City lawyers in the class-action suit challenging the constitutionality of the NYPD’s stop and frisk tactic revealed a new memo on Tuesday requiring officers to expand the amount of information included on department logs.
Attorneys for the plaintiffs said they've been trying to get the NYPD to provide more information about each stop since the suit was filed five years ago. Without it, they argue, it’s difficult to determine if an officer has enough reasonable suspicion to legally detain someone. It was dated March 5, 2013, the day after Lead attorney Darius Charney with the Center for Constitutional Rights said a brief was filed with the court asking for various changes to the NYPD’s practices.
“It's gamesmanship pure and simple. You know, you wait till the eve of trial to all of a sudden to say, 'hey, we're gonna change the way we do things,'" remarked Charney, outside the courthouse. He also alleges the memo is an attempt by the city to avoid any court-mandated remedies.
But city lawyers said the memo was merely a reinforcement of existing policy since the department's patrol guide already advises officers to enter relevant details about stops in their activity log. Most of the information gathered on the department’s UF 250 forms consists of checked off boxes. The memo, issued to commanding officers of all patrol boroughs, directs them to ensure that a narrative description is attached to that form explaining the circumstances.

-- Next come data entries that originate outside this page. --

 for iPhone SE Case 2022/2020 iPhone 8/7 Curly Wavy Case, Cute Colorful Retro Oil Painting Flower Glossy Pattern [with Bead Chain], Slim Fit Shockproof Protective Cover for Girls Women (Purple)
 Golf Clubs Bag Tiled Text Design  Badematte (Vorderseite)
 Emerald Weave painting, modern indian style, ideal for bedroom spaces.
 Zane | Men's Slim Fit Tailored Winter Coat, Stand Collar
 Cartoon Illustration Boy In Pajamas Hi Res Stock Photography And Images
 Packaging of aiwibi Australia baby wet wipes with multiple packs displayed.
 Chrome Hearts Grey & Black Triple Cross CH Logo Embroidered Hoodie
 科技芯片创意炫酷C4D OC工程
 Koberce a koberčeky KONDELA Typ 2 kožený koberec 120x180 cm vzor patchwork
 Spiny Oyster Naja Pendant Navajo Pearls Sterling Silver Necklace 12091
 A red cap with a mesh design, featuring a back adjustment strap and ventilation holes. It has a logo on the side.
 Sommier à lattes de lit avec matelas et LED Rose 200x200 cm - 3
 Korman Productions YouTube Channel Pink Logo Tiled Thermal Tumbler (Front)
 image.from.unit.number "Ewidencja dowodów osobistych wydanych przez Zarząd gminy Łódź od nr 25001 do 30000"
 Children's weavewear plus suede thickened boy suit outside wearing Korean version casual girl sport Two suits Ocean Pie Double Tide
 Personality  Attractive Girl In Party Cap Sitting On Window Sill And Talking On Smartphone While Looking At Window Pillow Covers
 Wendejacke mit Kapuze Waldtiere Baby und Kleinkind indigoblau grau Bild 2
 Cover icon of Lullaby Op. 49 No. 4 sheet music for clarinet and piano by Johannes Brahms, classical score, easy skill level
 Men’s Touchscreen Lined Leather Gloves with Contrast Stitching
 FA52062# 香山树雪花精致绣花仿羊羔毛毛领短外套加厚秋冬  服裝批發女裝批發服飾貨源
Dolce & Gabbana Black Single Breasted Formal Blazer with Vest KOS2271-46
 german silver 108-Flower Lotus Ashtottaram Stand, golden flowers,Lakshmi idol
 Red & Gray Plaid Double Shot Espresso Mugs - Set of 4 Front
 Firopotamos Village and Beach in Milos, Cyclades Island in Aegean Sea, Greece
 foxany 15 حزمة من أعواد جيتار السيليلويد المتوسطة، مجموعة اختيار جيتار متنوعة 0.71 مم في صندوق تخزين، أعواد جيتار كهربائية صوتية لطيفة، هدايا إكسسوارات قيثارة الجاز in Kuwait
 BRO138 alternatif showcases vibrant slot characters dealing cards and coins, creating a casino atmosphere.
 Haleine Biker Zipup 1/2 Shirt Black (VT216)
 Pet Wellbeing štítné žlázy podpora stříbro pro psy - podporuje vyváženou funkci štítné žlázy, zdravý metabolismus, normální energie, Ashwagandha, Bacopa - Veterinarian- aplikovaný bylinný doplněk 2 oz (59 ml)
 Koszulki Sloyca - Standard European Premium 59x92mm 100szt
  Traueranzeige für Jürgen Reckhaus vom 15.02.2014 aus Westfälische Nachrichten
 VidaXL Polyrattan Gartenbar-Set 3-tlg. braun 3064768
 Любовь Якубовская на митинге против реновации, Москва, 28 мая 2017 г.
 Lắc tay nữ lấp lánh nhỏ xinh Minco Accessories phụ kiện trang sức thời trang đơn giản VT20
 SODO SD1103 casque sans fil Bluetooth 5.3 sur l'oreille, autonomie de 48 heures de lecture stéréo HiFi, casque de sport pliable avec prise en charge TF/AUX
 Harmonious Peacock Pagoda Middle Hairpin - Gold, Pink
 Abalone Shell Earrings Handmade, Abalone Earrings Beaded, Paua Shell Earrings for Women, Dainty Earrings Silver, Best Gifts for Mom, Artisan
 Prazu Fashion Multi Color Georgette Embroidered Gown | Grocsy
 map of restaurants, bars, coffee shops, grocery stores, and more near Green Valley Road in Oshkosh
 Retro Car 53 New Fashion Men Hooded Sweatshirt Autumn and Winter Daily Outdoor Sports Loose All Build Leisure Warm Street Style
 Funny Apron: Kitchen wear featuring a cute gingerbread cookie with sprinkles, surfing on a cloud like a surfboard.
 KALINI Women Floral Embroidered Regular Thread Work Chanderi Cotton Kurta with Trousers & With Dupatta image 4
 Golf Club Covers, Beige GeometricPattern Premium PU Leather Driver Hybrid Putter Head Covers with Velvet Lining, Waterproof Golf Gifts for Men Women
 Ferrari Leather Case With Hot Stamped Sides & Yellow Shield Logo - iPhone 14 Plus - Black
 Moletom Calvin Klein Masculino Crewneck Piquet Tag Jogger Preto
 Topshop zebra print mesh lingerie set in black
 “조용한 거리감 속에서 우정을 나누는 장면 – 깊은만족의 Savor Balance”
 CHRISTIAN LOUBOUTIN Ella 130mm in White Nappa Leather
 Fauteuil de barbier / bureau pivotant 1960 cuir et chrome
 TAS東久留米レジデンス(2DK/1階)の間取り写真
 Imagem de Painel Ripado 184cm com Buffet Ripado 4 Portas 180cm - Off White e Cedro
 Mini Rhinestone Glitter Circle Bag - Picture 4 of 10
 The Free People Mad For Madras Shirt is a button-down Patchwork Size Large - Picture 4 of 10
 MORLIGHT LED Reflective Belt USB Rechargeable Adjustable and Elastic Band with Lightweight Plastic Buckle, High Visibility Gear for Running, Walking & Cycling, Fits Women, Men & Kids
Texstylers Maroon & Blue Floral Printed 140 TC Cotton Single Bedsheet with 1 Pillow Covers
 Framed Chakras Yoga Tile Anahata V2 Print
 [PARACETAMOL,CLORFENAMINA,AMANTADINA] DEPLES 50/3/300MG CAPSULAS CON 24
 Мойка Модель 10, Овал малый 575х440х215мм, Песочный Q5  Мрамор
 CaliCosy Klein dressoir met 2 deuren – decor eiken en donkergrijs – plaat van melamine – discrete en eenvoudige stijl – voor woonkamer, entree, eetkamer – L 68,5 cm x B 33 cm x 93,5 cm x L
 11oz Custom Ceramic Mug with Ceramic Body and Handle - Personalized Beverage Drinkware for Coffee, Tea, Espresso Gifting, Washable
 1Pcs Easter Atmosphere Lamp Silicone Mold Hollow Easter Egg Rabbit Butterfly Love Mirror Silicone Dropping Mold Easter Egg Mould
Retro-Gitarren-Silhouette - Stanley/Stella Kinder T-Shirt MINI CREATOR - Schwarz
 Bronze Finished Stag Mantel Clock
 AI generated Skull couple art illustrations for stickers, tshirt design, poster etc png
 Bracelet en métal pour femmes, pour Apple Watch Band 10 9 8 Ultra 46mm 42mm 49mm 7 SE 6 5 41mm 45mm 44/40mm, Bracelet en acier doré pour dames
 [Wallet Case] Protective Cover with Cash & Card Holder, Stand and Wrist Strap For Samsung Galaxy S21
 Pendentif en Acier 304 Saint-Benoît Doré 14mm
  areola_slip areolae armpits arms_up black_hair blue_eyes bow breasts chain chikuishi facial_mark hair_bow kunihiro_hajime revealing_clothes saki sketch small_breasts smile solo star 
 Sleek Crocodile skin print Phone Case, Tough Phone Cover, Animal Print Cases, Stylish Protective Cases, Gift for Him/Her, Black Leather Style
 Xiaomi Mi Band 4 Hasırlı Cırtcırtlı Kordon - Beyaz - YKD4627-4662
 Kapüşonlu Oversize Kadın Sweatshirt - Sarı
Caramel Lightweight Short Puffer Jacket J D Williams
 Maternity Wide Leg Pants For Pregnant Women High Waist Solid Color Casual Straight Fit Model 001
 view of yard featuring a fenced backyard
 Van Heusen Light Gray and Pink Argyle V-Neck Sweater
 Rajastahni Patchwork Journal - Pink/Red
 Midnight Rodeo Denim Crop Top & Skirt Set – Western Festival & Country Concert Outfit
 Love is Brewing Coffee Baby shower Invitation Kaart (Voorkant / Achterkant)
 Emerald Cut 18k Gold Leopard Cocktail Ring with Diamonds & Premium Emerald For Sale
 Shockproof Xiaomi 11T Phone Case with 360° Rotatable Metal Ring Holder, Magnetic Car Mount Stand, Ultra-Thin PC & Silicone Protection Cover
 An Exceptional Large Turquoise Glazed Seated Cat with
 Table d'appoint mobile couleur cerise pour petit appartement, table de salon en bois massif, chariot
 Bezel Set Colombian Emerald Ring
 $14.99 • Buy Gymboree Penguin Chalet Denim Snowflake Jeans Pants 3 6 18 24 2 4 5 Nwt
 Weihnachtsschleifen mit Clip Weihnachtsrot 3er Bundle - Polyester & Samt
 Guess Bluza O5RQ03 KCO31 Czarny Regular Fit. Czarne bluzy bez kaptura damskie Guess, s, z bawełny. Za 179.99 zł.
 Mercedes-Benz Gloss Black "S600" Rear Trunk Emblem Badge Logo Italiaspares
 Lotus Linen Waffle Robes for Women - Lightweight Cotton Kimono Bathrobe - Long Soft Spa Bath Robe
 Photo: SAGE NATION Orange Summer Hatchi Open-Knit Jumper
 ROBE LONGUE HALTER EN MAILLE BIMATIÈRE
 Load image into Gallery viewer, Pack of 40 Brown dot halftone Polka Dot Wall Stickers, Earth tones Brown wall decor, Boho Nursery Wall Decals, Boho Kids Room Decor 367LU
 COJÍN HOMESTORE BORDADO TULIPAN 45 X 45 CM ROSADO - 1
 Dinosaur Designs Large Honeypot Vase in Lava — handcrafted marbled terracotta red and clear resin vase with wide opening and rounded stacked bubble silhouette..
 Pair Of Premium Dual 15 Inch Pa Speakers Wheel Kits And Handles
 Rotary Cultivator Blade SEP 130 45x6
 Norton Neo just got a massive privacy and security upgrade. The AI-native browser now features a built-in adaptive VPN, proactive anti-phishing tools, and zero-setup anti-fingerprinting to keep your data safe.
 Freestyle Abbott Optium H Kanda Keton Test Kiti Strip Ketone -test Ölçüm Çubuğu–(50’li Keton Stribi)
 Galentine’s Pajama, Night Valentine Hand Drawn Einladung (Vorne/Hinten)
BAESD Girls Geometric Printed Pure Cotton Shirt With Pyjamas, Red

For example, if “furtive movements” is checked, the memo states that they must describe the particular way the suspect was moving.
During the trial, officers have testified that they sometimes don't record a great deal of information in their activity logs, saying the practice is a guideline rather than a requirement.
Federal District Court Judge Shira Scheindlin ruled the document could be introduced into evidence later in the trial when its author, Chief of Patrol James Hall, testifies.